Fausto Melotti, La Sibilla
Delicate, poetiche, piccole, fragili: aggettivi adatte a quasi tutte le sue opere, ma non a questa Sibilla. L’astrazione raffinata di Fausto Melotti si amplia in una scultura di grandi dimensioni, in grado però di conservare l’eleganza e un’inaspettata leggerezza. Il rame si divide in tre componenti che si affiancano in una composizione insolitamente narrativa, anche se fortemente metaforica. Da una parte c’è infatti la Sibilla, oracolo incaricato di interrogare le divinità e trasmetterne i messaggi, che dall’alto del suo trono domina la scena. Al centro un sfera, simbolo della perfezione e della purezza nell’antica Grecia, la separa da una scala sopra cui una platea di ascoltatori si alza ansiosa verso il verdetto oracolare. Le linee geometriche, che come sempre costruiscono armoniosamente le opere di Melotti, contribuiscono alla resa metafisica della composizione.

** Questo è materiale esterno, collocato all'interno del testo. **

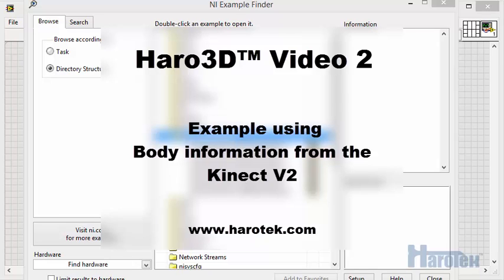Hi, this is Marc Dubois from HaroTech. I am presenting here the second video in the Haro 3D Library series. The Haro 3D Library is a library of VIs for National Instruments LabVIEW that gives access to data from the Kinect 2 from Microsoft, and that provides tools for the display, processing, and storage of 3D data acquired from the Kinect. For more information about the Haro 3D Library for LabVIEW, go to haro-tech.com.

Lucio Fontana, Ambiente spaziale con tagli
Vedendoli incombere dall’alto i celebri tagli di Lucio Fontana hanno tutto un altro sapore. Forse perché sollevando la testa verso l’alto l’Ambiente spaziale recupera ancora di più quella dimensione cosmica collegata al volgere degli occhi al cielo, dove a guardare non è la vista ma la mente, forse l’immaginazione. E la carica sognante si moltiplica nelle Attese che piovono sul visitatore, assorbito ed ammaliato, tanto che forse, se nessuno lo guarda, potrebbe anche sorprendersi ad alzarsi sulle punte dei piedi ed avvicinarsi ai solchi neri. Sulla linea diretta che porta alla volta celeste, la sconosciuta dimensione che Fontana ci ha aperto sembra più tangibile che mai.

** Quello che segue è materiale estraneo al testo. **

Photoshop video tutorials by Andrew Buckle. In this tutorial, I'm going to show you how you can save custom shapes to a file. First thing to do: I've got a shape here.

Jonathas de Andrade, Eu, mestiço
La Columbia University in collaborazione con l’UNESCO negli anni ’50 ha condotto uno studio raccolto in seguito nel volume libro Race and Class in Rural Brazil. Questo studio era basato su una serie di interviste in cui i partecipanti erano invitati a fornire feedback sulle fotografie di persone di razza nera, bianca e mista con sei attributi: ricchezza, bellezza, intelligenza, religione, onestà e attitudine al lavoro. Eu, mestiço di Jonathas de Andrade combina immagini e parole appartenenti a due tempi storici differenti: affianca le immagini delle persone scattate di recente con la durezza delle parole risultanti dallo studio degli anni ’50. Il progetto pone le questioni razziali come una lotta incessante che attraversa le generazioni e che ancora ai giorni nostri non è stata superata.

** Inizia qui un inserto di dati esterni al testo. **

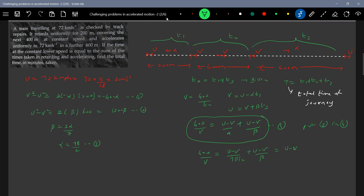Substituting u equals 20 and alpha equals 7 beta by 2 into the equation and solving, I end up with the equation: 2800 beta equals 180 v minus 9 v squared. That is equation number 5.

Jannis Kounellis, Untitled (2000)
l lavoro di Jannis Kounellis suscita una serie di associazioni poetiche. Untitled (2000) consiste in letti ospedalieri militari, corpi in acciaio scolpito, coperte di lana e piastre di acciaio. Il letto è normalmente associato ad un luogo di calore e sicurezza; al letto d’ospedale, d’altra parte, si collegano una serie di avversità esterne. L’acciaio è un materiale intriso dell’aura di freddezza e sterilità. Mentre gli spettatori entrano e vagano nello spazio, una relazione complessa viene gradualmente rivelata tra materiale e il luogo che abita, tra opera d’arte e architettura. Kounellis sfrutta elementi grezzi come ferro, oro e carbone combinati con oggetti prodotti industrialmente, in modo da esaltarne la misteriosa capacità di evocare sensazioni come caldo o freddo, duro o morbido, oltre alle più complesse connotazioni basate sulle esperienze personali degli spettatori.